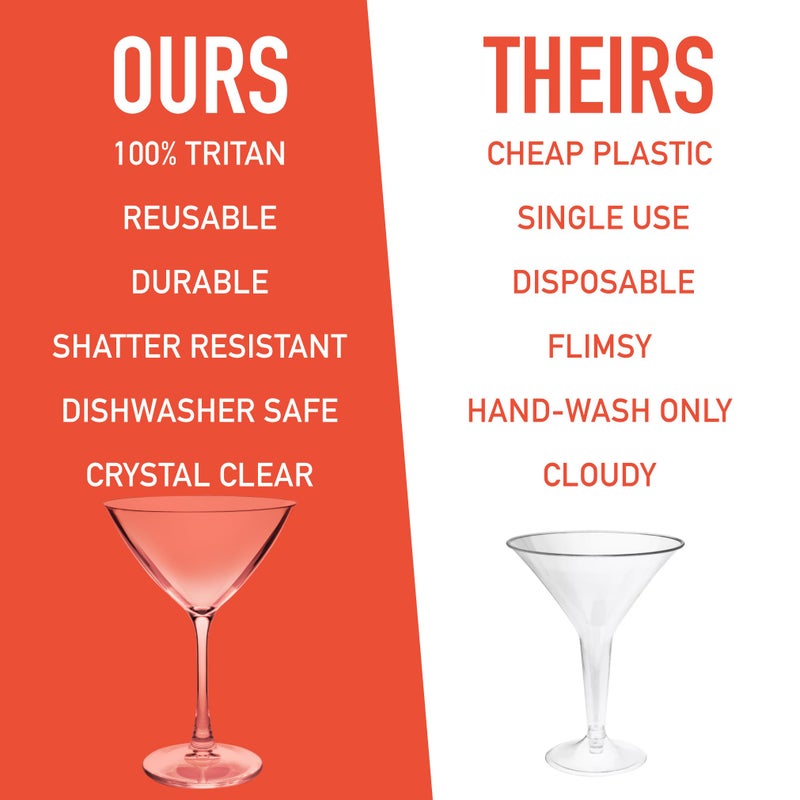 ديكو نظارات مارتيني غير قابلة للكسر من دي إيكو (مجموعة مكونة من 4 أواني زجاجية تريتان سعة 9 أونصة) - أكواب إسبريسو ومارتيني متسخة قابلة لإعادة الاستخدام - رائعة لاستضافة الحفلات - فكرة هدية لحفلات الزفاف والدفء المنزلي - Image 3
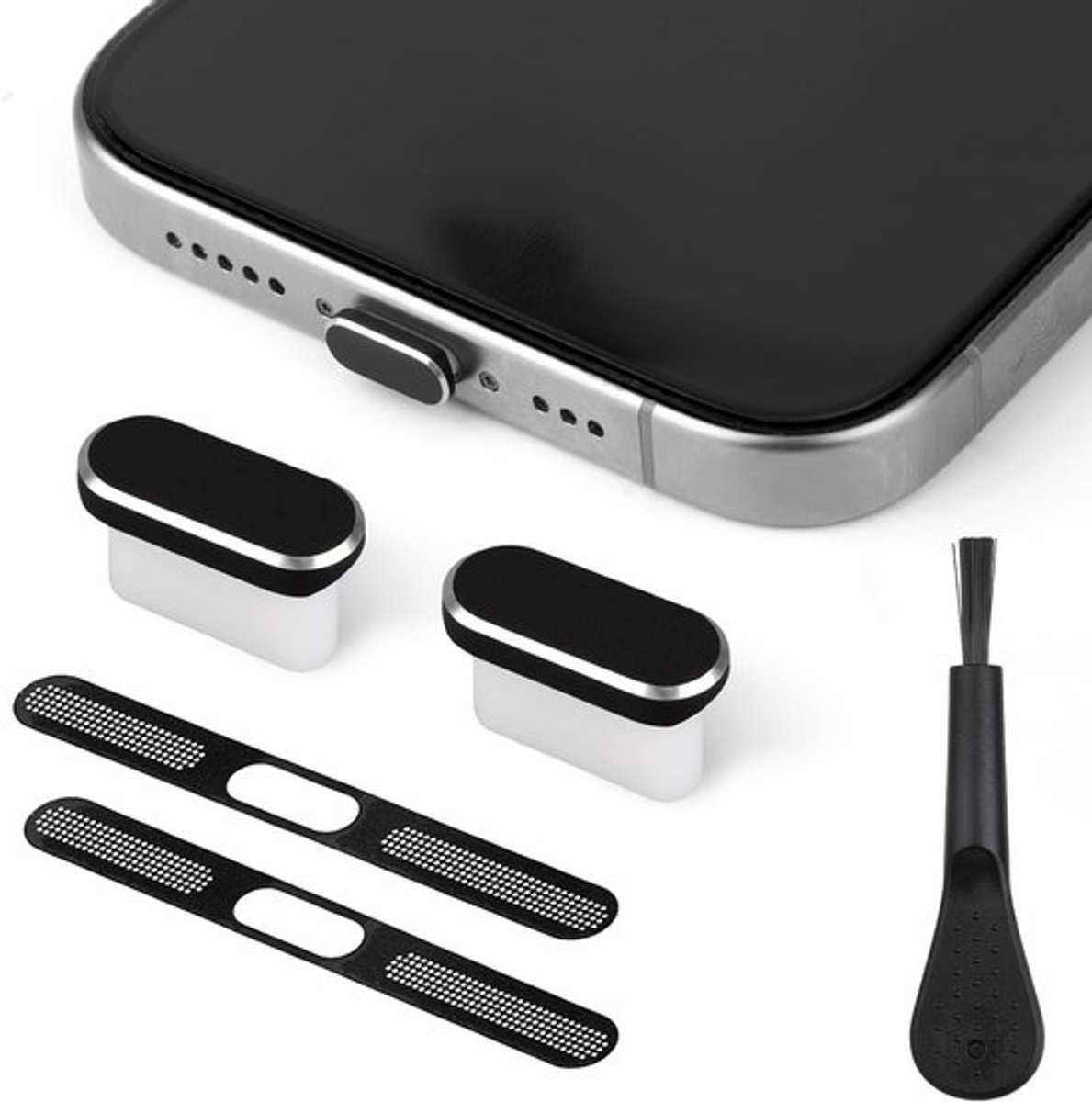 USB C Stofpluggen Set van 5 voor iPhone 15/16 - Type-C Poortplug, Speaker Stofdeksel en Reinigingsborstel voor Bescherming en Onderhoud van Alle USB C Apparaten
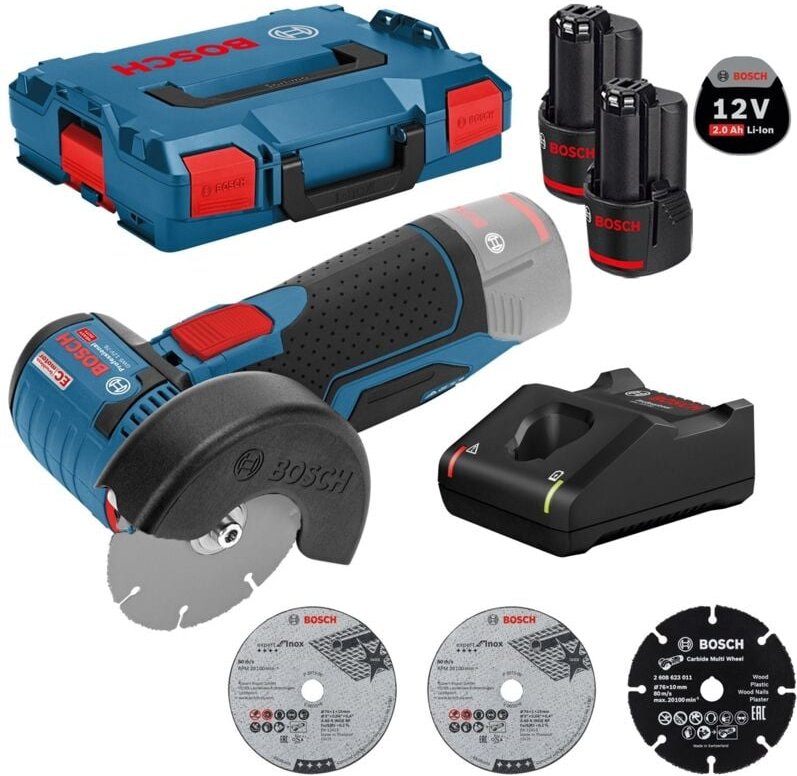Bosch - Akku-Winkelschleifer gws 12V-76 ø 76 mm / 2x 2,0 Ah Akku + Ladegerät in L-Boxx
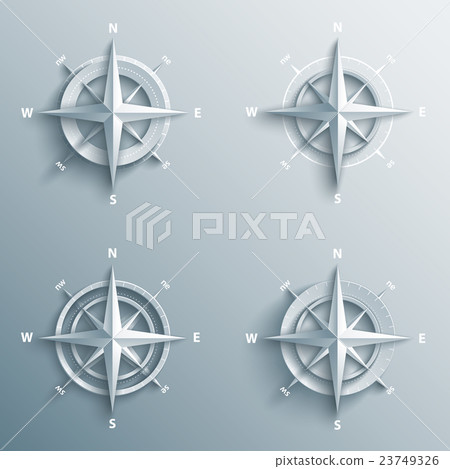 Set of 3d wind roses Set of 3d wind roses 23749326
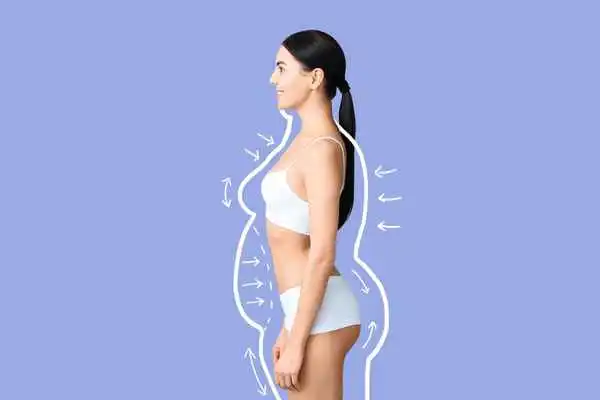 image of woman experiencing fat reduction treatment Lymington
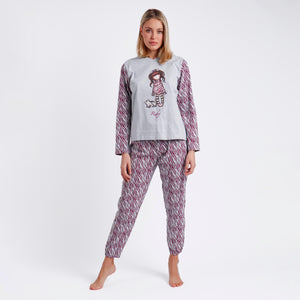 Pigiama donna Santoro Gorjuss 60791 caldo cotone grigio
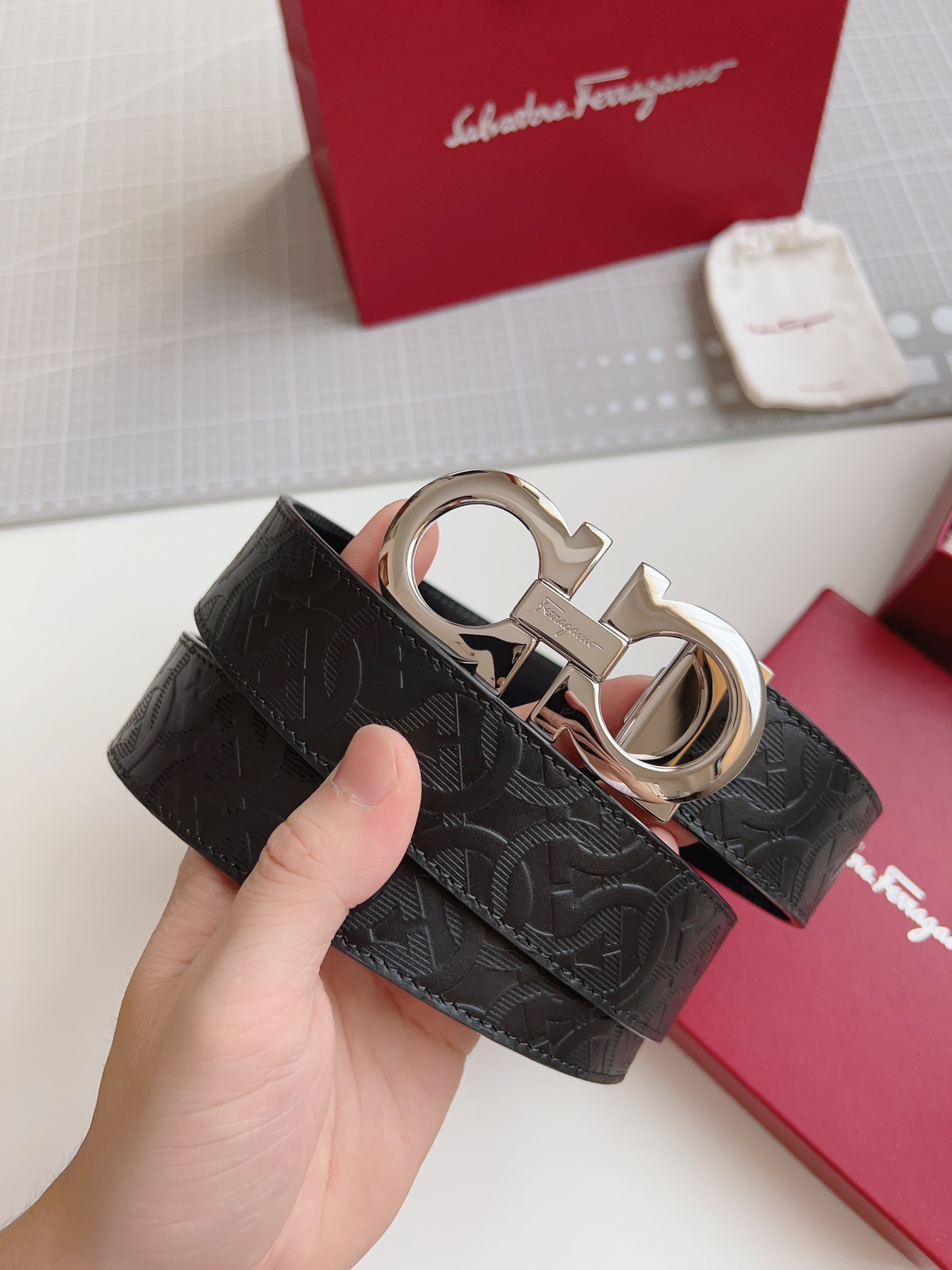 Salvatore Ferragamo Male Leather Belt Top Grain Leather M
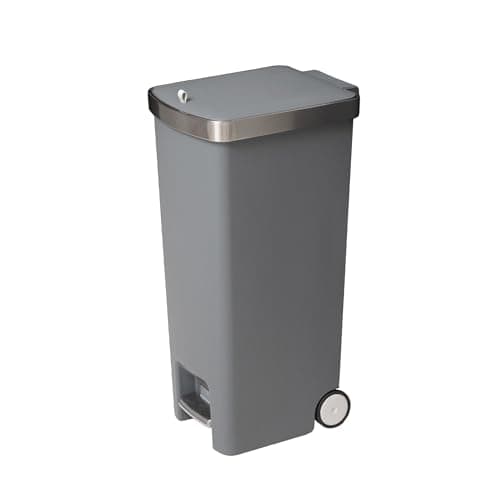 Image of Addis MODE 45 Litre Soft Close Pedal Kitchen Bin with Easy Move Wheels – Modern Space Saving Family Waste Bin Design with stay open Lid, Grey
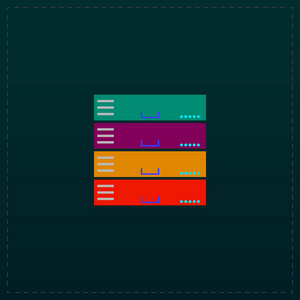 计算机服务器图标，平面设计
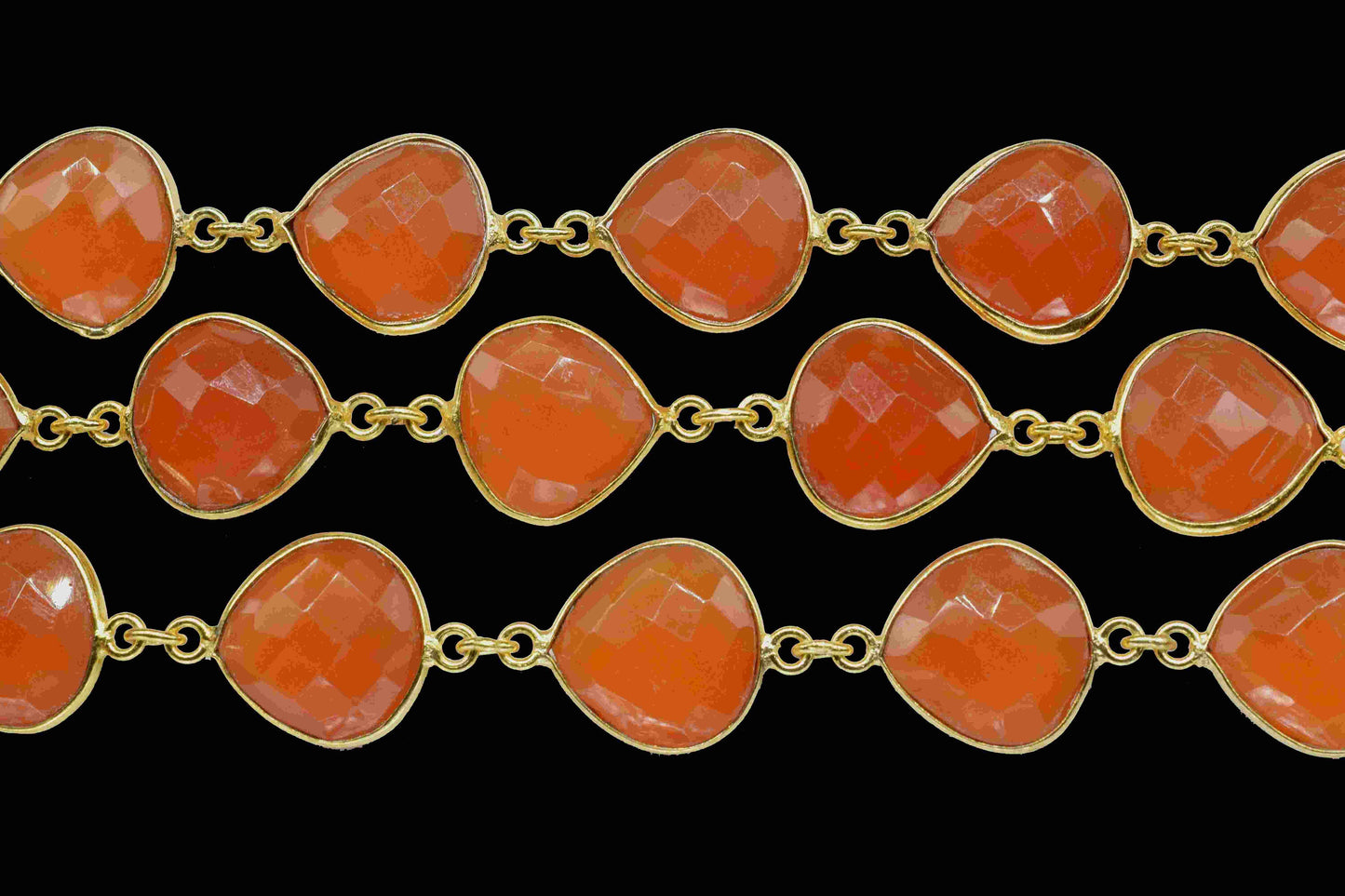Natural Carnelian Bezel Chain, Carnelian 12mm Heart Shape Connector Chain, Carnelian Bezels Chain, Carnelian Connectors Link Chain, Jewelry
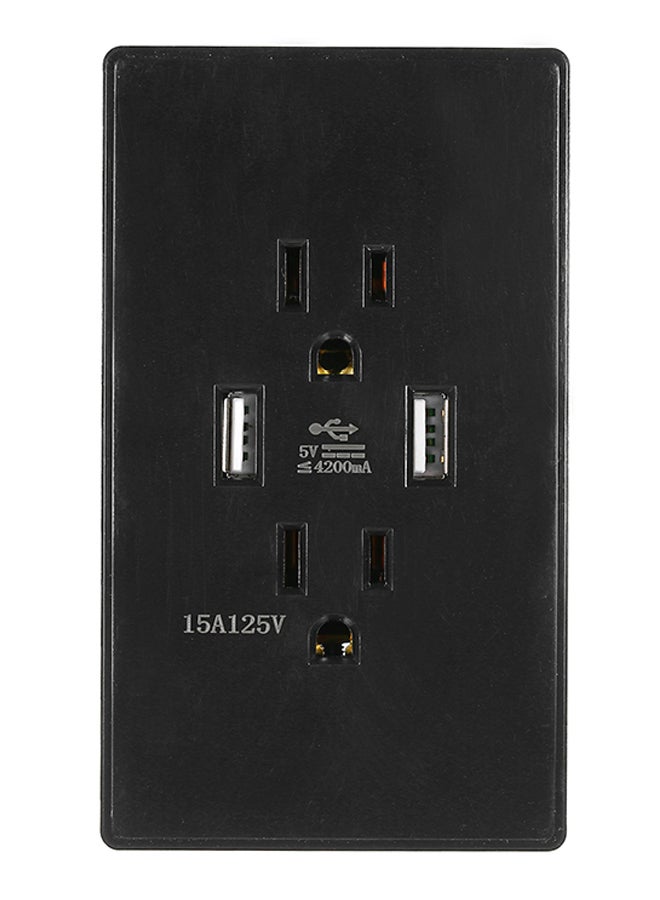 منفذ مقبس جداري بمنفذ USB مزدوج أسود 12.5x5x7.5سم  - Image 1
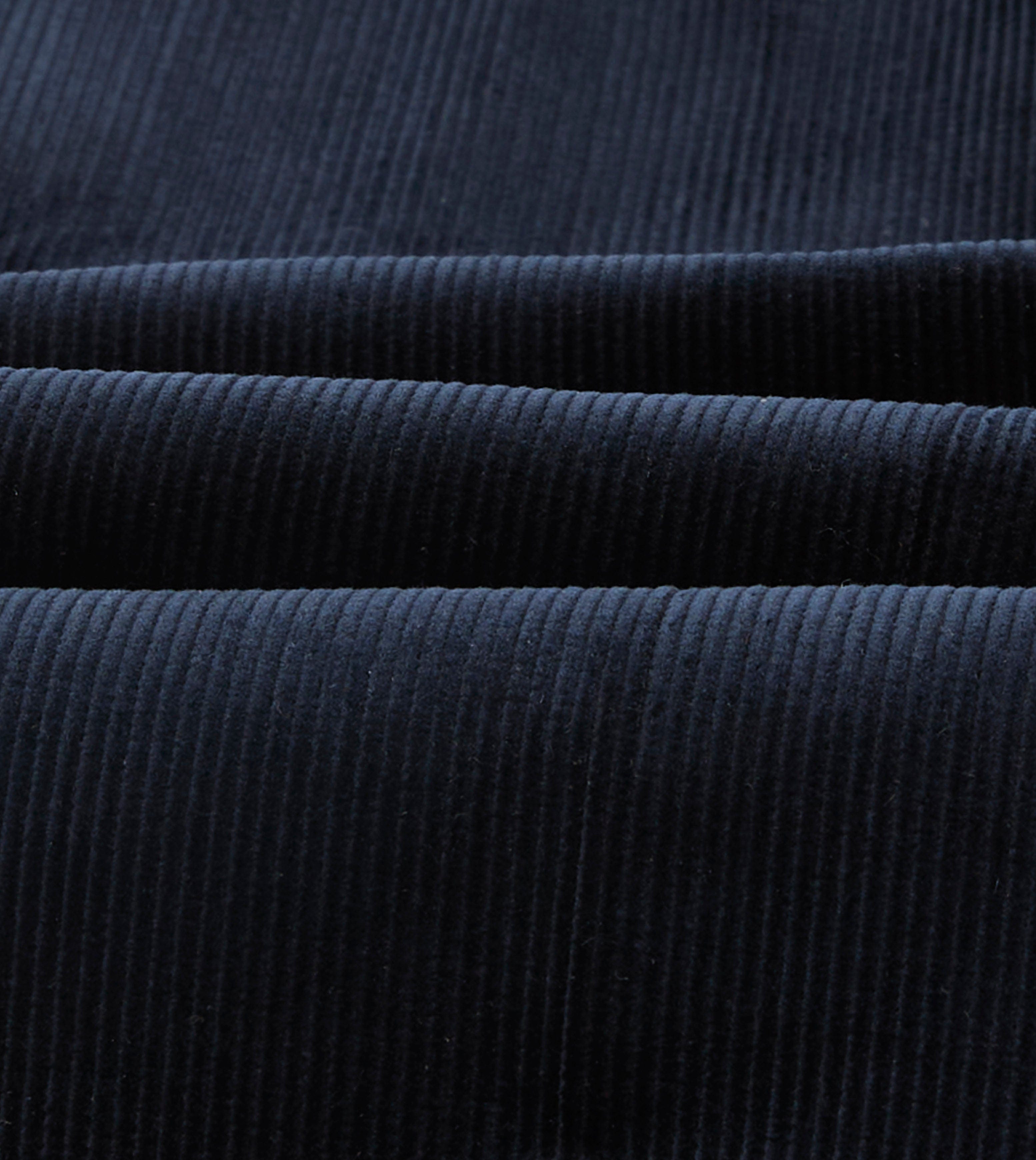 Navy Mid-Wale Corduroy Single Pleat Trouser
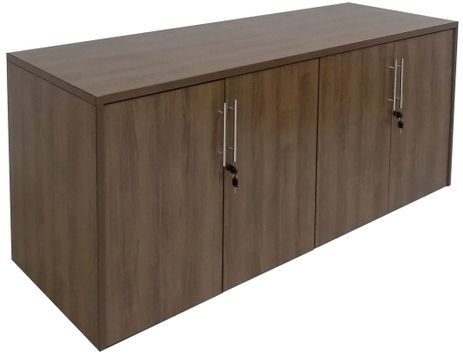 Modern Walnut 4-Door Locking Storage Credenza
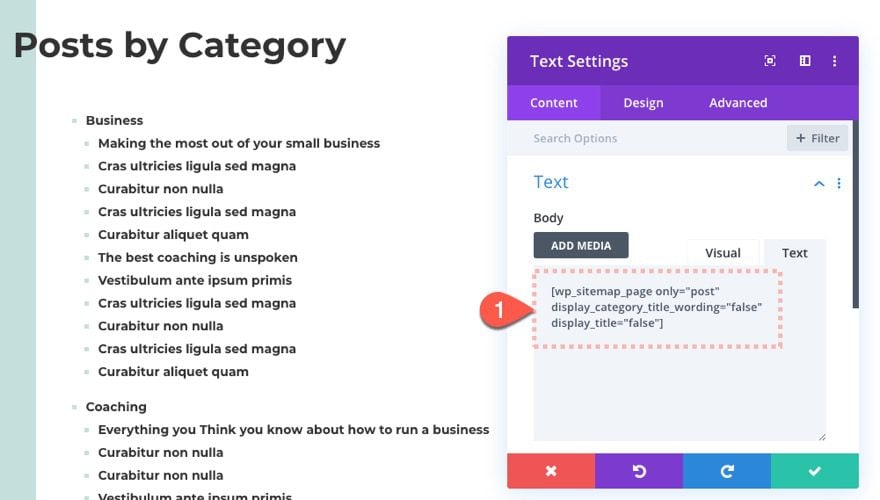 divi html sitemap page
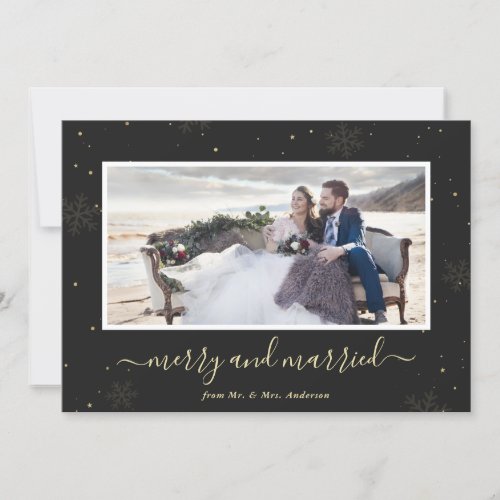 Elegant Black Photo Merry and Married Christmas Holiday Card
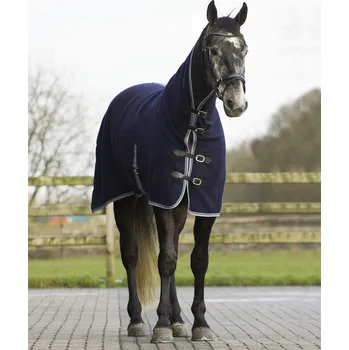Deka pro koně QHP Deka odpocovací Wool QHP, s krkem, blue Délka zad: 130 cm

——————————

Your instructions:
Please retype the lines from the one containing "Image of Addis" through the last line of the records above, exactly as written, and leave out any pictures.

Answer box:
 Image of Addis MODE 45 Litre Soft Close Pedal Kitchen Bin with Easy Move Wheels – Modern Space Saving Family Waste Bin Design with stay open Lid, Grey
 计算机服务器图标，平面设计
Natural Carnelian Bezel Chain, Carnelian 12mm Heart Shape Connector Chain, Carnelian Bezels Chain, Carnelian Connectors Link Chain, Jewelry
 منفذ مقبس جداري بمنفذ USB مزدوج أسود 12.5x5x7.5سم  - Image 1
 Navy Mid-Wale Corduroy Single Pleat Trouser
 Modern Walnut 4-Door Locking Storage Credenza
 divi html sitemap page
 Elegant Black Photo Merry and Married Christmas Holiday Card
Deka pro koně QHP Deka odpocovací Wool QHP, s krkem, blue Délka zad: 130 cm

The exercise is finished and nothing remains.